Note: The cases discussed in this post happened before COVID-19. Given that D-Dimer may be elevated in patients with COVID-19, the pretest probability of PE in your patient population may be elevated at this time. Thus, the assumptions derived from Kohn et al’s paper highlighted in this post may not be applicable in the current environment [1].

 

Ah, the D-dimer. A little alliteration with the power to trigger even the “most chill” attending when ordered inappropriately by a well-intentioned intern. I’ll never forget the laughter during rounds the morning after I ordered a D-dimer on a patient with increasing oxygen requirements and tachypnea while alone on an overnight shift in the medical ICU. The D-dimer was, predictably, elevated, as it generally is in critically ill patients. We ordered a CTPA and found no clots but a whopping pleural effusion. I became wary of D-dimers.

Generation of D-dimer from degradation of cross-linked fibrin [2].

A case of chest pain

Recently in the ED I had a case of chest pain. The patient had diabetes and hypertension and a history of prostate cancer. His HEART score was 6 as he had an elevated troponin, new T wave inversions on EKG, age, and a few risk factors [3]. His Wells score was 2.5 points (tachycardia and malignancy), making him moderate risk with a pretest probability for PE (prevalence of PE in the moderate risk group) of 16.2% [4]. A bedside echo showed a normal ejection fraction and no pericardial effusion. Unfortunately, cardiac windows were limited and I was unable to get a good parasternal short or apical four chamber to assess for right heart strain [5].

Given the moderate risk for PE by Wells Score, I ordered a D-Dimer. As I clicked on the order, I remembered my embarrassing moment in the MICU. If this man was having acute coronary syndrome, could the D-dimer be elevated anyway? But if it was REALLY elevated, would that mean he is more likely to have a PE? Should we treat the D-dimer as a dichotomous variable – i.e. positive or negative – or should we be thinking of it as a continuous variable such that a higher D-dimer value gives more credence for PE than a lower D-dimer value even if both are considered positive?

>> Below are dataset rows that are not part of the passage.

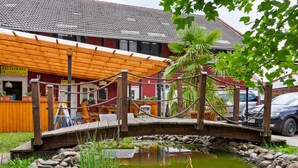 A wooden bridge over a pond with rocks and plants, a restaurant with outdoor seating, and a building with a tiled roof. - Ferienhaus in Meisdorf (Falkenstein)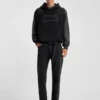 Black tapered-fit jeans in grain-effect denim Black tapered-fit jeans in grain-effect denim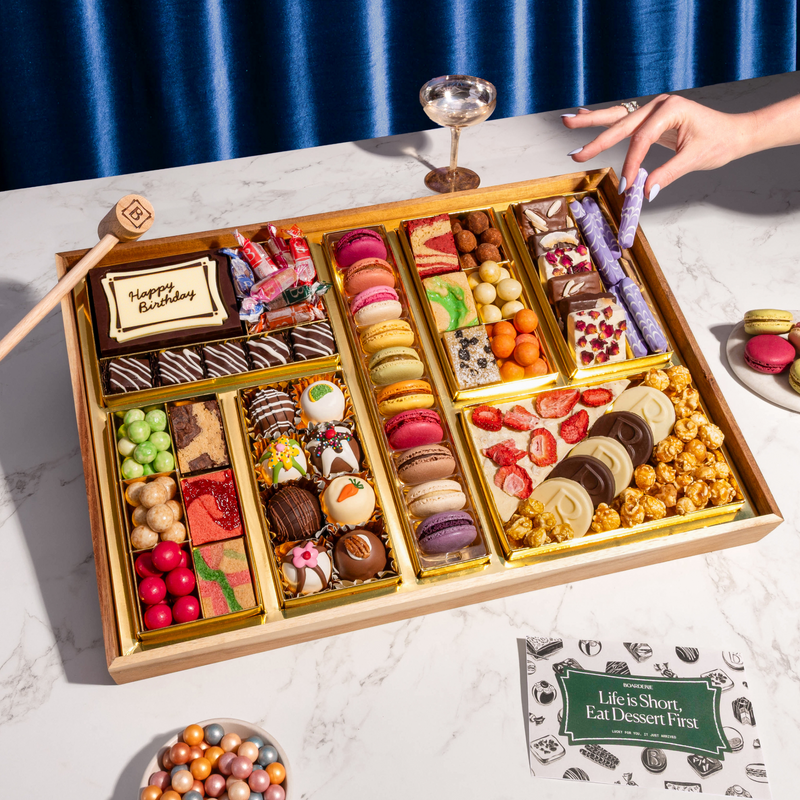 Large dessert gift box with "Happy Birthday" chocolate card, macarons, bonbons, chocolate-covered berries, fresh strawberries, popcorn, and candies on marble surface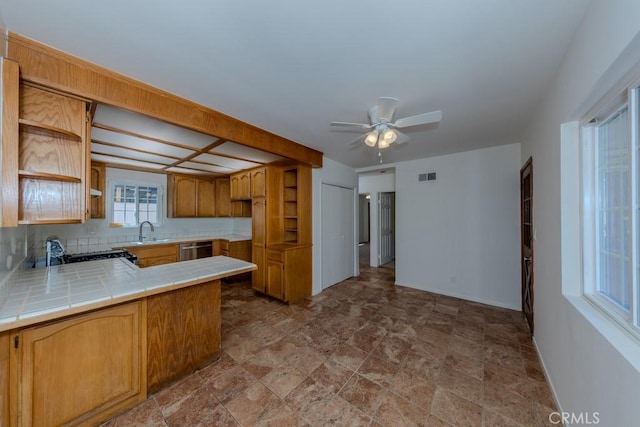 kitchen featuring stainless steel dishwasher, tile countertops, open shelves, a ceiling fan, and a peninsula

What does the literature say about D-dimer cut-offs?

The idea of adjusting D-dimer cut-offs to assess PE risk is not new. There are a few landmark studies that sought to reduce ED imaging done to diagnose PE by altering the D-dimer cut-off either based on age or risk. The idea of adjusting the D-dimer cut-off based on age originated in a 2010 study by Douma et al [6]. The ADJUST-PE study is the most recent validation study on age-adjusted D-dimers [7]. In 2017, the YEARS algorithm was developed to combine a clinical probability tool with adjusted D-dimer cutoffs and it has been validated in pregnancy [8,9]. In 2019, the PEGeD study was published and, similar to YEARS, it combines a clinical decision tool for risk assessment with an adjusted D-dimer threshold [10]. PEGeD has not been validated, so stay tuned for that development in the literature [11]. Check out these studies in the references to take a deep dive into D-dimers.

How can we apply likelihood ratios to the concept of D-dimer intervals to assess post-test probability of PE?

Kohn et al’s paper applies another useful clinical tool to the concept of the adjusted D-dimer cut-off: the likelihood ratio [1,12]. In their paper, Kohn et al used pooled data from five PE management studies to estimate interval likelihood ratios (iLR) for eight D-dimer intervals with boundaries of 250, 500, 750, 1000, 1500, 2000, and 5000 ng/mL [1]. The conventional D-dimer cutoff of 500 ng/mL was used in all but one of the studies, which used an age-adjusted threshold. 500 ng/mL is the “conventional cutoff” if your lab reports Fibrinogen Equivalent Units (FEU’s). If your lab reports D-dimer Units (DDU), your cut-off is closer to 250 ng/mL. For more on FEU’s vs. DDU’s check out this post [11].

Using the previously validated Wells score to determine a pretest probability, a clinician can apply Kohn’s likelihood ratios for a particular D-dimer interval to a Fagan nomogram to find the post-test probability of PE [14,15]. An example: my chest pain patient had a calculated Wells score of 2.5 points which places him in the moderate risk group with a PE prevalence of 16%. His D-dimer was 3000, which falls in the 2500-4999 interval associated with an approximate iLR of 4. Plugging in 16% and LR of 4 into a Fagan nomogram shows that the probability of PE is between 40-50%.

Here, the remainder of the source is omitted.